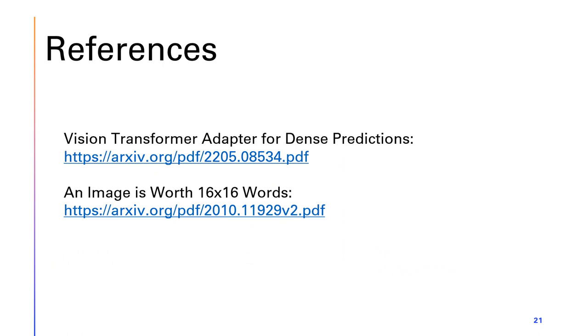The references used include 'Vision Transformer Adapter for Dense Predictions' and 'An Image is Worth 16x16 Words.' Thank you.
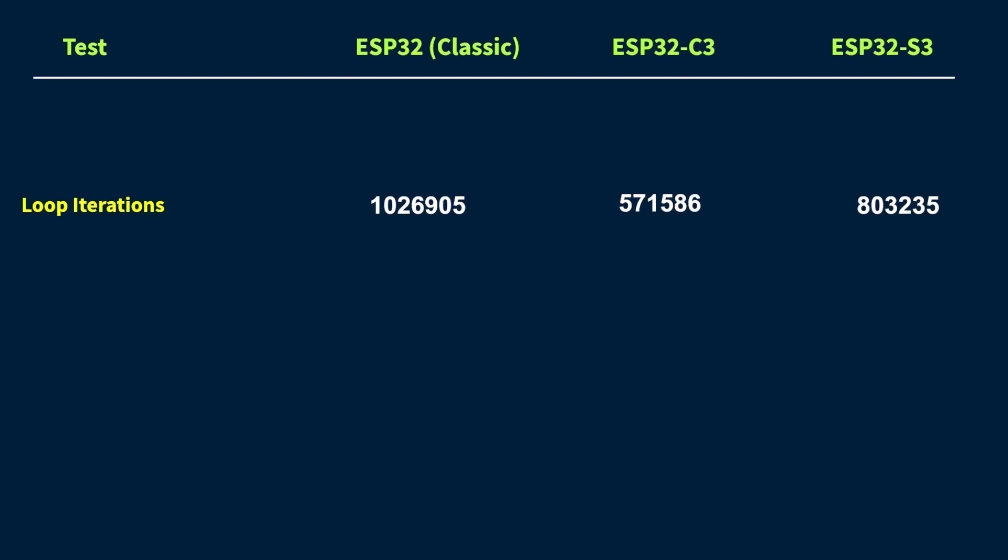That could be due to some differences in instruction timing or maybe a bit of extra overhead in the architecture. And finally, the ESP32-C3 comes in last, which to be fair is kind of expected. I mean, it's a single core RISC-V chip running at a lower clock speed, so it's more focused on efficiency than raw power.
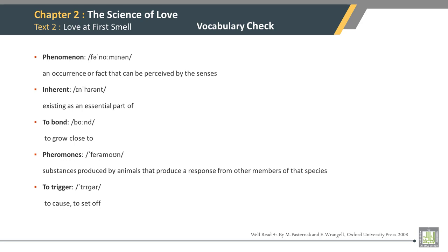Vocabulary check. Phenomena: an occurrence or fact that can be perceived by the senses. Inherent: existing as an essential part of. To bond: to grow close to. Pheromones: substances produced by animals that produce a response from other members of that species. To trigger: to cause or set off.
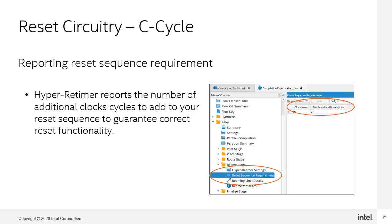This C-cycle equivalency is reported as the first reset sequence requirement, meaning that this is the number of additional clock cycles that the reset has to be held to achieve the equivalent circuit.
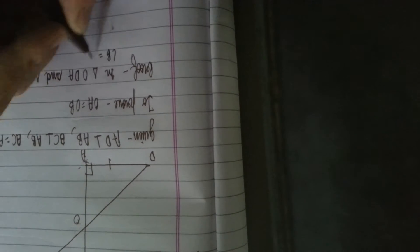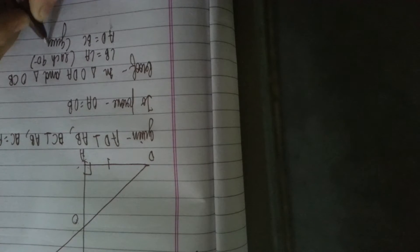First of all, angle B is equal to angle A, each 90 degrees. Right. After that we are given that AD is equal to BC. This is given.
==
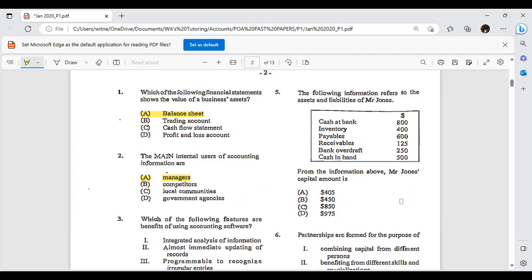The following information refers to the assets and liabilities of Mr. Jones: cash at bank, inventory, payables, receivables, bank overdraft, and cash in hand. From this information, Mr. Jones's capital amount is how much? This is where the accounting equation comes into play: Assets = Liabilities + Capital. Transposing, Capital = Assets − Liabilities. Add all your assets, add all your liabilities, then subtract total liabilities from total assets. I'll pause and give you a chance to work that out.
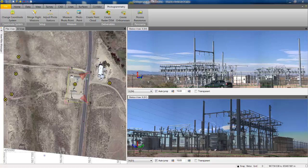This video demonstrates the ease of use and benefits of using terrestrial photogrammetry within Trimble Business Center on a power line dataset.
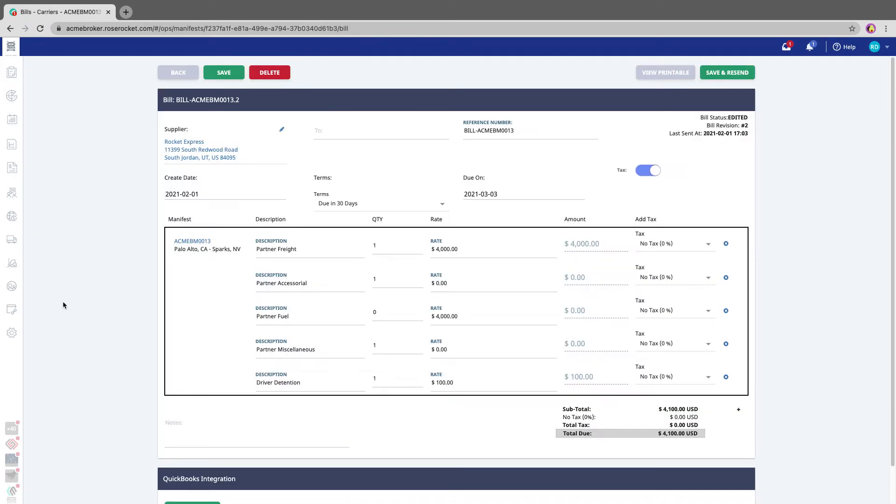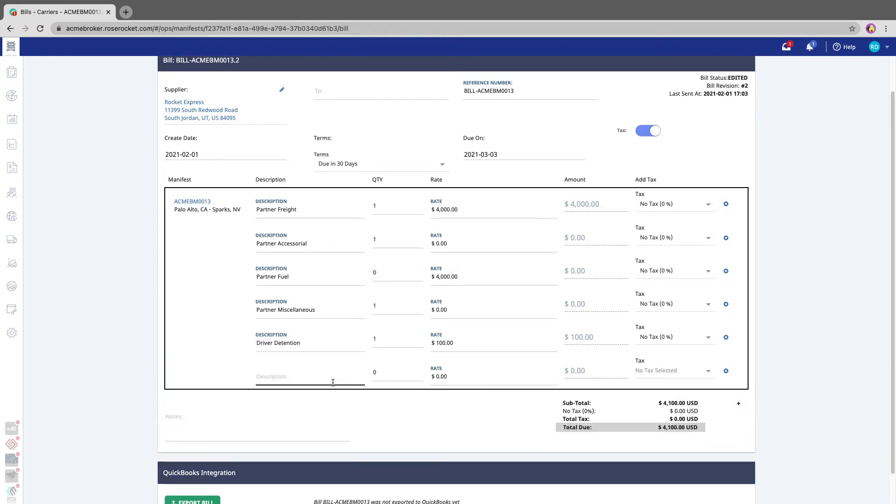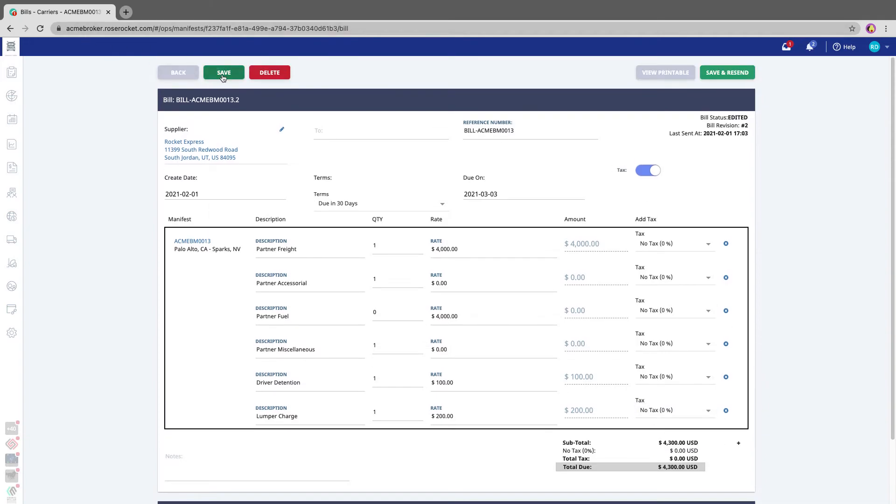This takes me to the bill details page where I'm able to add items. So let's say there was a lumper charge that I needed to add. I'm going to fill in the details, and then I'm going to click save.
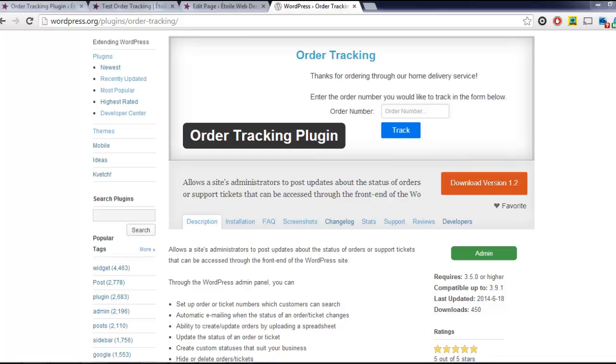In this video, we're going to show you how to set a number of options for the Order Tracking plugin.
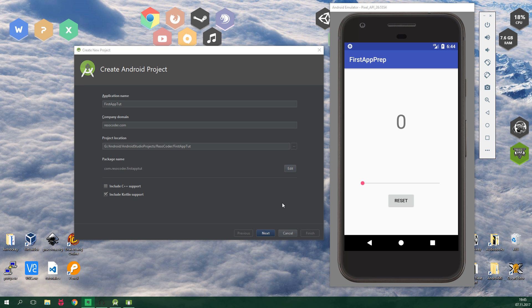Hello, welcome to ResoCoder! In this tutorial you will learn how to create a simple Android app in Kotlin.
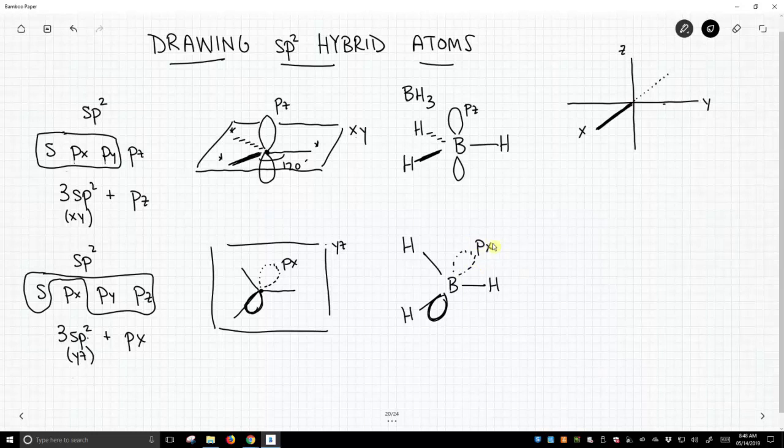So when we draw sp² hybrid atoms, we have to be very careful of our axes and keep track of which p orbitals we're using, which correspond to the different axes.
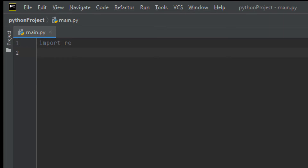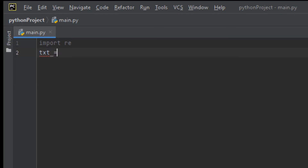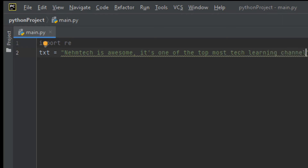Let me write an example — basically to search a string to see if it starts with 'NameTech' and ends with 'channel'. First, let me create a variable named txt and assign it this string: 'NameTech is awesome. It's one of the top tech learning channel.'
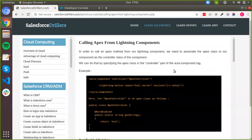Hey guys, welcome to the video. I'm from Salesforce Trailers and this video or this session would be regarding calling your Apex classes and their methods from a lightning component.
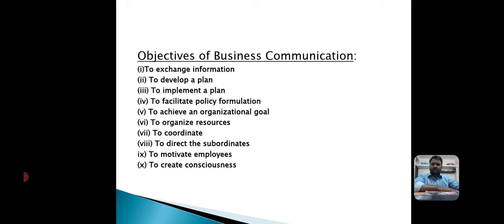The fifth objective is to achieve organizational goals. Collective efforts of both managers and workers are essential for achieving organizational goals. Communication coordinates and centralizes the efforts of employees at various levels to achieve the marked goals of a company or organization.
...
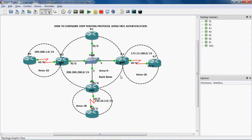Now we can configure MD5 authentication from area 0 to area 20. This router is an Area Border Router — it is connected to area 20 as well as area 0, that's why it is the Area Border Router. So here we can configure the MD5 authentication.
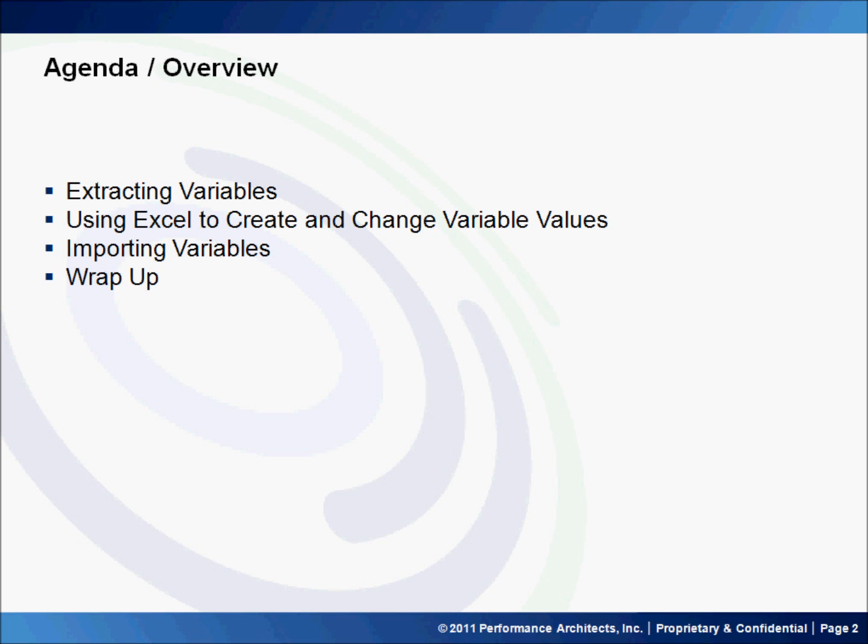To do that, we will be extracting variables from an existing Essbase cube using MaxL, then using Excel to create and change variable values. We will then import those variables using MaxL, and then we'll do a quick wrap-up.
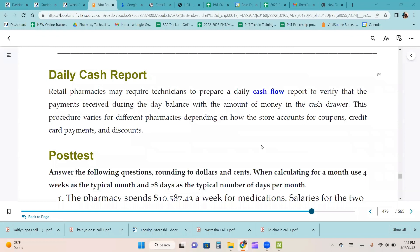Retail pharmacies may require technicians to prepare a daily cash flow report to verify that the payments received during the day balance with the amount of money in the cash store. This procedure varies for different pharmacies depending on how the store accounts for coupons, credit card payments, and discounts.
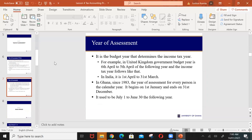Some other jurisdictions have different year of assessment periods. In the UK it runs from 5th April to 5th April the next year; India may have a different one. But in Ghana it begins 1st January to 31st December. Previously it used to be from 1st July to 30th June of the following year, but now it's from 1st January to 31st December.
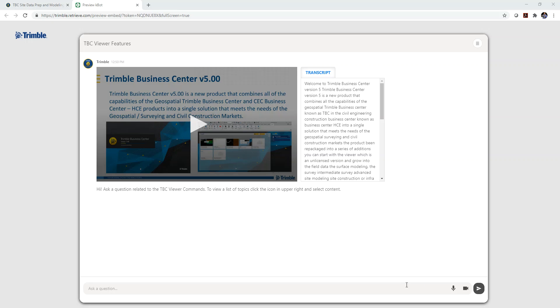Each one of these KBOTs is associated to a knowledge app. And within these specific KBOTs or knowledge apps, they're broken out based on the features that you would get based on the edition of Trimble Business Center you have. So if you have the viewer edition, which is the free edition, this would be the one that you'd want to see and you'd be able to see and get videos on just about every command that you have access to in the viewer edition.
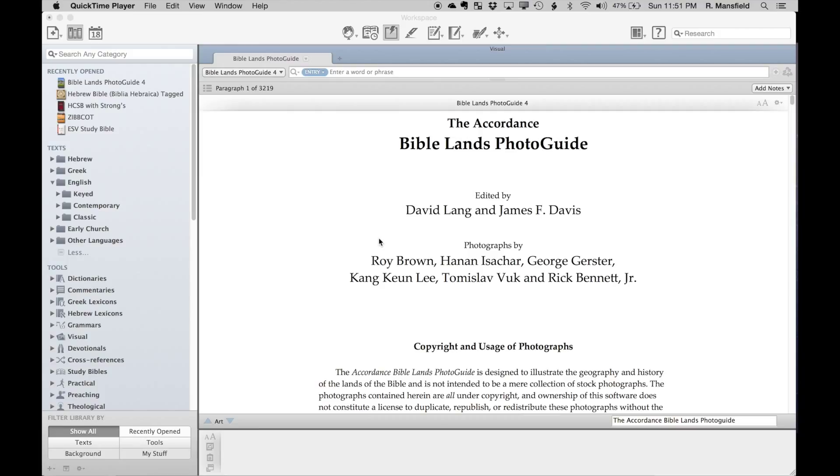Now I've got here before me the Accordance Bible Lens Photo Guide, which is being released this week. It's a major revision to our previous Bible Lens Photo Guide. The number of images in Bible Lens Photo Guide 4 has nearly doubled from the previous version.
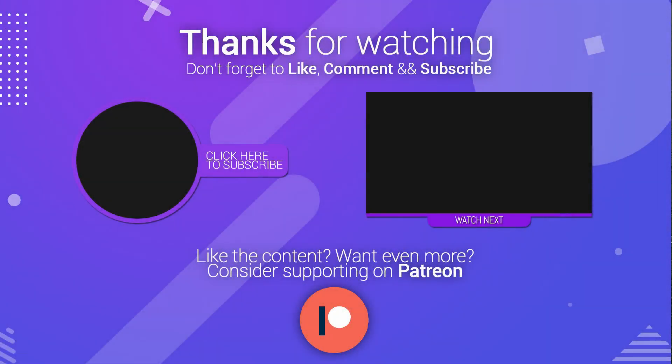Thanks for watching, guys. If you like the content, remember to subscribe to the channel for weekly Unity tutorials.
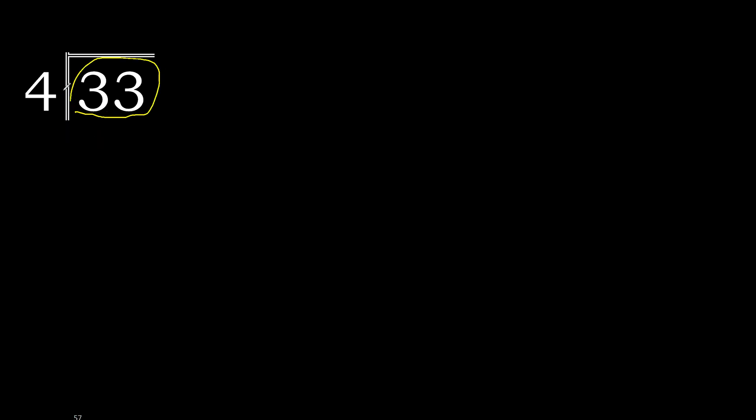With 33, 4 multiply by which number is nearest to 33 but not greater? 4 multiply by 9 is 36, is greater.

WORK TO BE COMPLETED: The answer must be the lines above from the one containing "The references used" through the one containing "That could be", reproduced exactly, with no pictures and nothing else.

RESULT OF THIS TASK:
The references used include 'Vision Transformer Adapter for Dense Predictions' and 'An Image is Worth 16x16 Words.' Thank you.
That could be due to some differences in instruction timing or maybe a bit of extra overhead in the architecture. And finally, the ESP32-C3 comes in last, which to be fair is kind of expected. I mean, it's a single core RISC-V chip running at a lower clock speed, so it's more focused on efficiency than raw power.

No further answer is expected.